I have a tiny chance of getting a few hours of inconvenience if someone completely owns my PC. That's not worth all my work happening a little bit slower all the time.


> On my personal workstation, though, what are they going to get?

I think it depends on the context. I felt similarly until I discovered just how many machines attackers would pivot through in real-world attacks featuring strong adversaries. Preventing these attacks on every machine is a strength-in-depth measure.


> what are they going to get?

Your data is likely less important in that context compared to your device as a fractional resource or a pivot. (which I believe is largely zerkten's point)


Consider a server application that doesn't run arbitrary untrusted code and doesn't have meaningfully separate privilege levels.

You can't leverage any speculation exploit without code execution, and there's nothing left to exploit on the box once you have a shell.


The database backend does NOT qualify... If your DB machine is exposed to the outside world, using this exploit is overkill and there are plenty of other easier vectors of attack.


Simple.
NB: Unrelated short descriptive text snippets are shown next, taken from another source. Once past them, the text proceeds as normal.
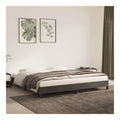 Bettgestell Bett mit Lattenrost Polsterbett Schlafzimmerbett Bettrahmen Schlafzimmermobel Samt Dunkelgrau 200x200 cm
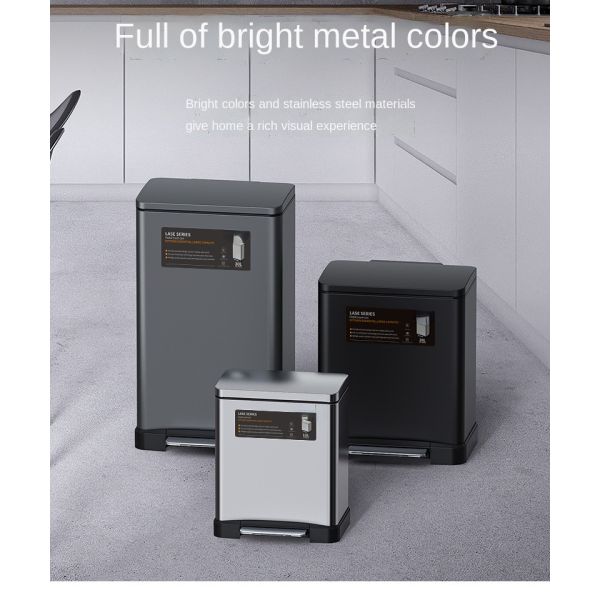 20 Liters 30 Liters 45 Liters Custom Kitchen Large Household Deodorant Commercial Stainless Steel Trash Can with Lid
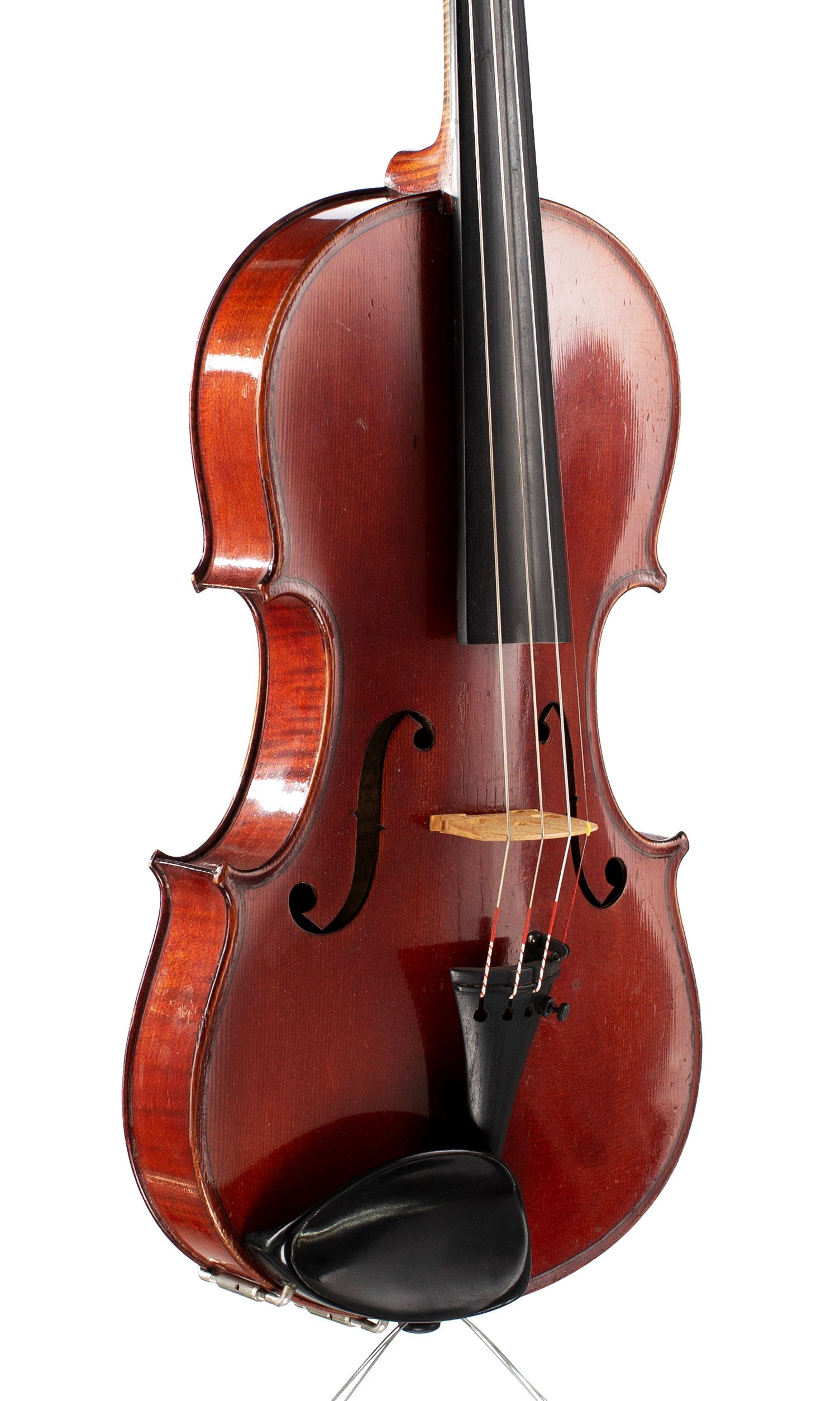 Violin, Workshop of Jérôme Thibouville-Lamy, Mirecourt, circa 1900 — angled view, 40°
I'm pretty sure I won't be the first to fall victim to an exploit that is purely academic at this point. Why on earth should I take a large performance penalty on my own PC to mitigate an attack that I'm pretty sure (a) will never be a problem for me and (b) that will almost certainly arrive with plenty of warning if it does?

This whole business is massively, massively overhyped from the point of view of individual workstation users. Not every system needs to be locked down like NORAD. Doing so is a failure of basic threat modeling.
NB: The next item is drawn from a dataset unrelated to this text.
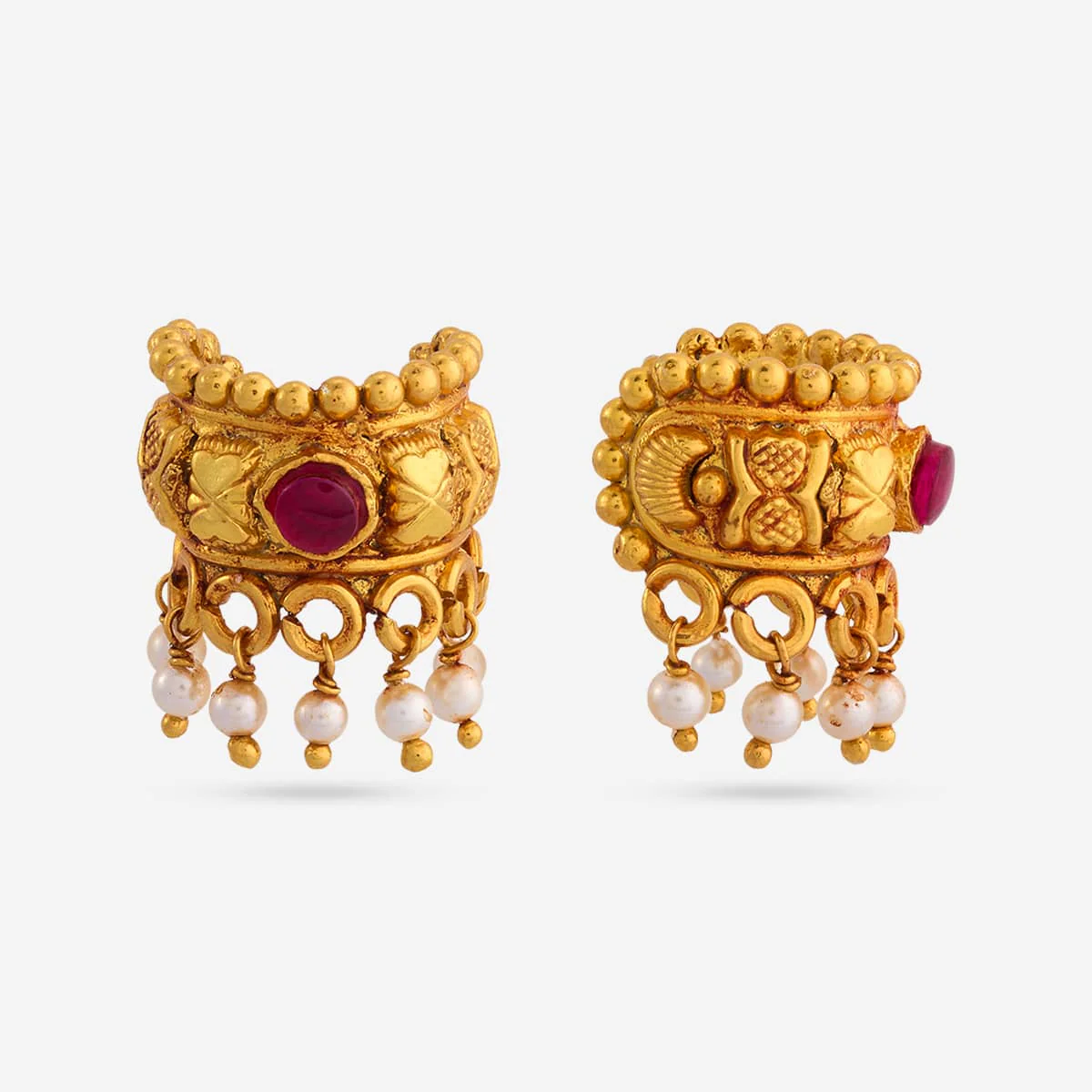 Silver Temple Earring 199501 - Image 3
If it is on my personal machine I can't accept a 8-15% performance hit (I don't know the real impact thats just the first range I found).


My database layer doesn’t run any untrusted code. I’d like the perf back there. Then audit the shit out of any users running there.


I'm talking out of my behind here, but I was always under the impression some stuff we use casually is built with the assumption it's not under heavy attack, too.

Eg: I thought consumer grade videocards were pretty darn insecure. I don't know where I picked that idea, but if that's true, then the idea of having the option to run "insecurely" for certain things make sense.

Not sure if we can trust an average user with this, but if the videocard thing is true, we do.


I thought these exploits already required code execution on your machine. (Maybe I'm wrong about that.) If untrusted code is already running on your machine, your system is already compromised. So I don't see the big deal about these exploits, except in the context of hosted VMs.


It's not that they don't require code execution, it's that there is more code execution happening in things that are supposed to be sandboxed than most people generally anticipate. It's not just VMs.

For example, how many of the map editors for various games are Turing-complete? If you download a custom map from random peer, you may be executing "sandboxed" code. Can it pull off a timing attack?

And the elephant is presumably javascript.


You'd still need a communication channel to the outside world that is available to the attack code/map or else it cannot exfiltrate the data it dumped.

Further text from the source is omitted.